A local bond dealer said on Monday that no real direction had
been provided by the G20, and the market would take its direction from the rand and the US later today.
The vulnerability of Africa's economy in light of the food and commodity price volatility caused by the developed world credit crisis came under the spotlight over the weekend at the G20 Leaders' Summit on Financial Markets in the US.
More job losses
South Africa's Presidency said in a press release after the meeting that while African economies were making progress, they are now threatened by the global financial crisis.

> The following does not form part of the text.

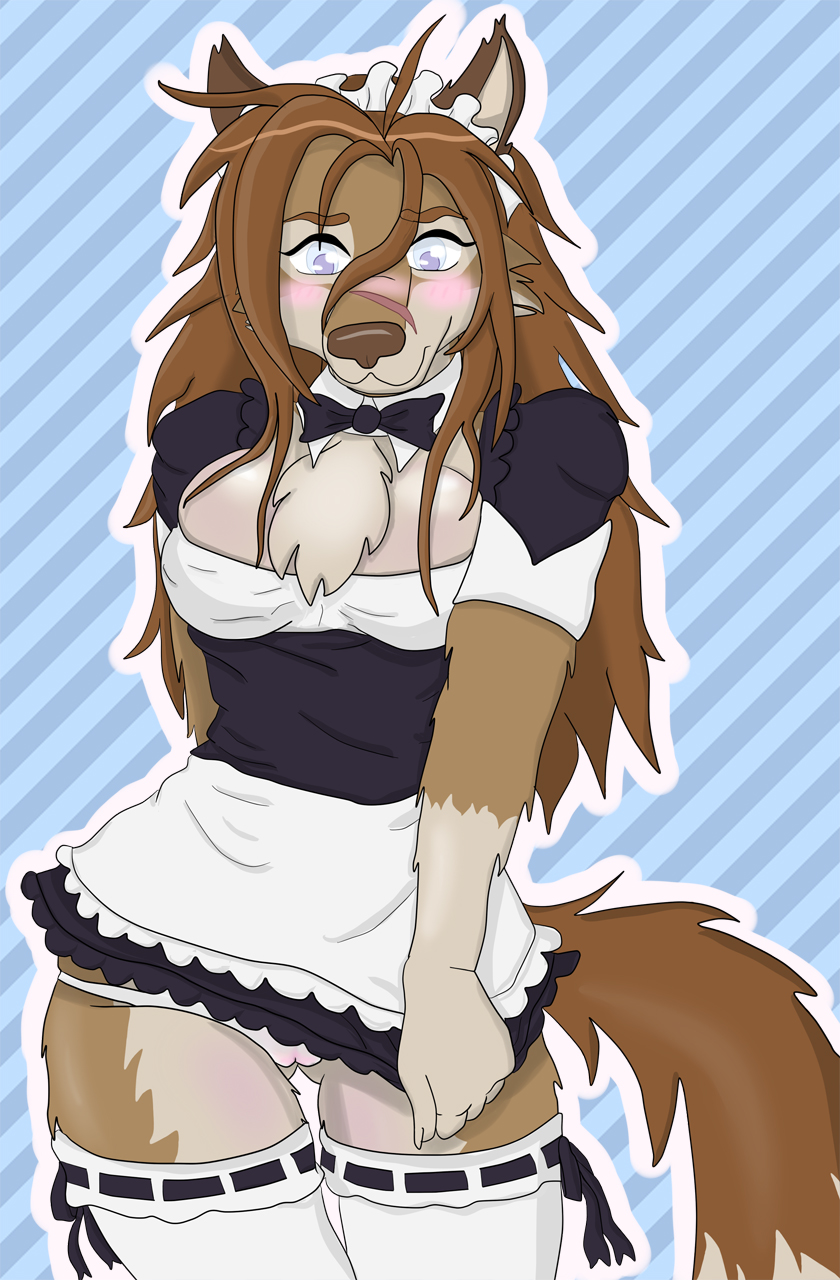 brown_hair canine clothing female hair kloe legwear maid maid_uniform mammal panties solo stockings tight tight_clothing underwear wolf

Dominique Strauss-Kahn, managing director of the International Monetary Fund, hailed the Group of 20 leaders' call for further fiscal stimulus on Saturday and said that coordinated action is urgently required on that front.
The US Congress will meet this week to consider ways to help the ailing auto industry, among other items, and any news on this front may provide more of a spark for local markets.
US stocks futures are higher on Monday, after markets ended lower on Friday in a late selloff prompted by more discouraging outlooks from consumer and technology companies, including Nordstrom, JC Penney and Nokia, according to Dow Jones Newswires.
South Africa's central bankers meet on December 11 to decide on interest rates and the market is not generally expecting a cut at that time. However, the key piece of data will be October CPI on November 26 where a larger-than-expected fall could raise hopes of a cut in light of recessionary conditions in the retail and vehicle markets locally and slowdown in borrowing.
The threat from the financial crisis to prices will also need to be weighed, if more evidence of job losses comes to the fore.